If all those working on treatment for Sars had remained commissioned for the past 18 years we might be further down the road towards a cure for this latest manifestation.

But our world rulers are so committed to the free market that the idea of such research, without the potential for profit, is nothing but waste.

NHS funding cuts exposed

The huge danger of years of NHS underfunding is being revealed by the threat of the coronavirus.

Even a small number of serious cases could easily push the critically understaffed health service into collapse.

Cuts forced Tory health secretary Matt Hancock to make a desperate appeal to retired doctors and nurses to return to work to combat the spread of the virus.

Over the last ten years government policy has served to create the current crisis in the NHS.

In a bid to deflect attention Hancock has been making a series of alarming scaremongering statements.

Helping spread panic might help detract from the Tories’ sickening record on health.

But it does nothing to halt the virus.

In fact, it will only make people more fearful about coming forward if they have symptoms and will aid its spread.

Don’t make workers pay for sickness

The government has said that any worker who is required to go into self-isolation or quarantine, or who falls ill, will be entitled to Statutory Sick Pay (SSP).

But because two million of the lowest paid workers in Britain don’t currently have the right to SSP, many may find themselves struggling to make ends meet.

Some of those will be workers in our hospitals, particularly in cleaning, catering and security roles. By staying in work they could be putting their own, their colleagues and their families’ lives at risk.

Even for those who are eligible, the payment is still too low at just £94.25 a week. Wetherspoon bosses have told workers that the normal rules for SSP will apply even if they are ordered into quarantine by the government.
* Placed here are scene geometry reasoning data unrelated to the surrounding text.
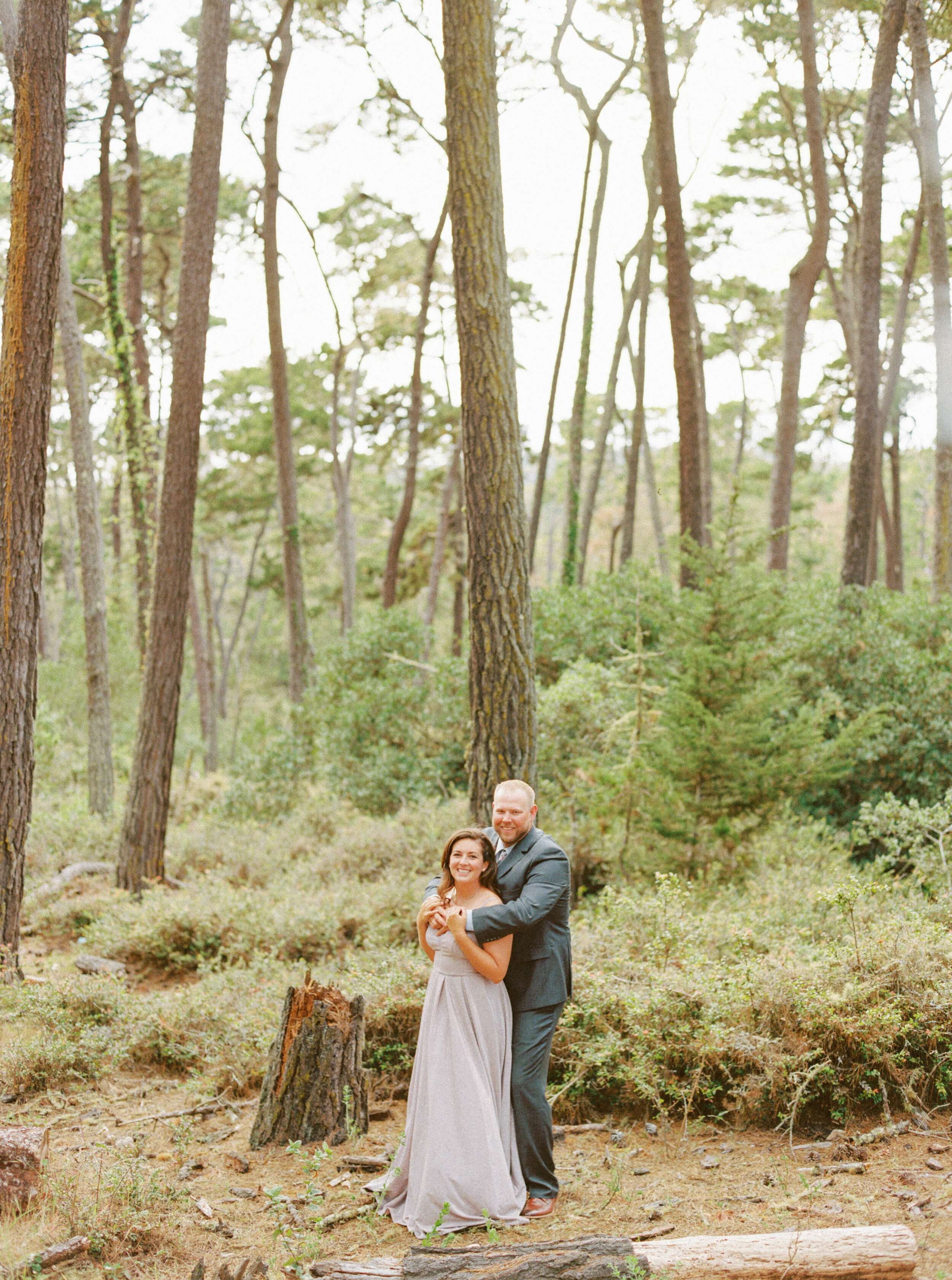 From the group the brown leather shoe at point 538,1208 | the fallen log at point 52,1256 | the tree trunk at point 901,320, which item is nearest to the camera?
the fallen log at point 52,1256

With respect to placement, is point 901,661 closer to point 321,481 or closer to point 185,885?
point 185,885

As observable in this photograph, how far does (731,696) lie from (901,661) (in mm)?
3921

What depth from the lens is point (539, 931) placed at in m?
4.55

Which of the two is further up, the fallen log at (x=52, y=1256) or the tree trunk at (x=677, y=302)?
the tree trunk at (x=677, y=302)

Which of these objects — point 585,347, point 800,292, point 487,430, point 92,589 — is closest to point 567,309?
point 585,347

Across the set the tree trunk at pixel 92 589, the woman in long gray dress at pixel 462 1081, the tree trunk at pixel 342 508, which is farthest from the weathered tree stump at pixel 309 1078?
the tree trunk at pixel 342 508

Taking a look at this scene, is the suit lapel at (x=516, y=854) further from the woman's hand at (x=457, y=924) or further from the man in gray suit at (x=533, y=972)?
the woman's hand at (x=457, y=924)

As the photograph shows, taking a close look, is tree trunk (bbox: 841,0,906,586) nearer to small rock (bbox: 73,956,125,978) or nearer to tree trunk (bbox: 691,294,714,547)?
tree trunk (bbox: 691,294,714,547)

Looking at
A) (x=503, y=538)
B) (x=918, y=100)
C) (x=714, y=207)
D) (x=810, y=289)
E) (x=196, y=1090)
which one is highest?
(x=714, y=207)

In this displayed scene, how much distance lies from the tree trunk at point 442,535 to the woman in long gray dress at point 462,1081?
18236 mm

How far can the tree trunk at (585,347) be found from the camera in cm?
2027

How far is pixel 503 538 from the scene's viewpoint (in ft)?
22.4

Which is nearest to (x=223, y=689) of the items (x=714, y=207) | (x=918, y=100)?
(x=714, y=207)

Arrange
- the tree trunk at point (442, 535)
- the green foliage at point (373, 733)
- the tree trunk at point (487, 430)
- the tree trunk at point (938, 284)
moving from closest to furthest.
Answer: the tree trunk at point (487, 430) → the green foliage at point (373, 733) → the tree trunk at point (938, 284) → the tree trunk at point (442, 535) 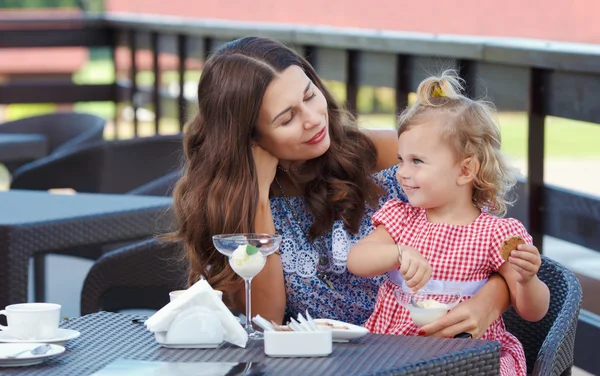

All workers—regardless of income or contract—should get adequate sick pay from the first day of absence.


Health workers in Oxfordshire are so concerned about the way even NHS employers are responding that their Unison union has passed a motion demanding workers’ rights are protected.

It insists on mass training for NHS staff in how to prevent infections from spreading.

And the union also demands that any illness related to the virus is not counted as part of normal sickness absence.

They also demand that staff who have to leave work to care for children if schools are closed by the virus continue to receive their normal pay.

Every worker should take action to win such demands.